There are likely deeper ecosystem effects at work here too. As customers become more engaged with Amazon’s logistics, they are likely to adopt Amazon’s logistics platform, which opens up higher levels of data sharing, the benefits of which grow exponentially as a function of the number of customers. This means Amazon’s algorithms for logistics planning can improve non-linearly, too, which in turn leads to even faster shipping.
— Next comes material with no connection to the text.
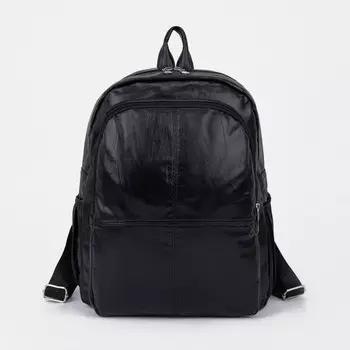 Рюкзак женский из искусственной кожи на молнии, цвет чёрный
For more than altruistic reasons – e.g., paying employees, benefits, cost-shifting – Amazon is spinning out chunks of its delivery infrastructure:
Amazon in this case is trying to take advantage of ecosystem economics: by creating an ‘army’ of delivery partners, each with some seed money and the promise of steady work, Amazon sidesteps the costs of buying, insuring, and maintaining the fleet of delivery trucks it needs if it wants to replace UPS and the USPS in delivering its own goods. It helps the delivery partners get low-cost leases and loans, certainly, but the liabilities never hit Amazon’s books. So it can scale at very low cost, the $10,000 seed money for each notwithstanding.
Technology platform-based ecosystems require serious developer support from the platform owner. As Apple integrates its mobile and desktop operating systems more tightly, its “Project Catalyst” aims to make porting iPad apps to iOS easier. Ars Technica checks on its progress and talks to developers in the program: Catalyst deep dive: The future of Mac software according to Apple and devs.
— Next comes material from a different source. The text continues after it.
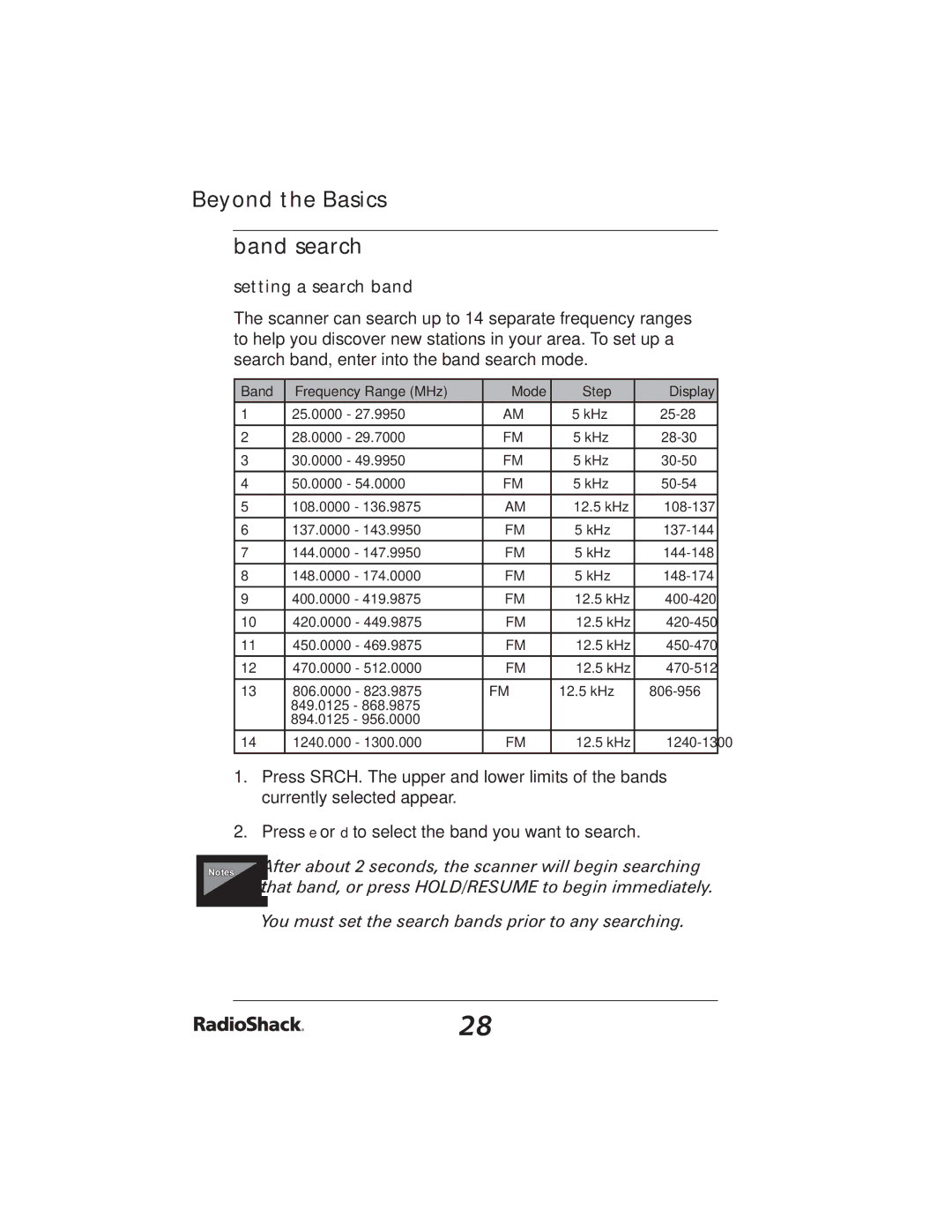 Radio Shack PRO-2051 manual Beyond the Basics Band search, Setting a search band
Inside Apple’s team that greenlights iPhone apps for the App Store from CNBC is much lighter on detail, but it sketches out how developers get approved for App Store inclusion. The process is dependent on humans, rather than algorithms, and Apple’s 300+ reviewers often have a hard time meeting their goal of approving half of all submissions within 24 to 48 hours.
Since we talked about Amazon’s deliver ecosystem, here’s another element of it. This Reuters story describes drugstore pickup: Amazon launches new in-store pickup option with Rite Aid as first partner.
Samsung is globalizing the app store for its voice-activated virtual assistant, according to Samsung launches Bixby Marketplace in the U.S. and South Korea from Venture Beat.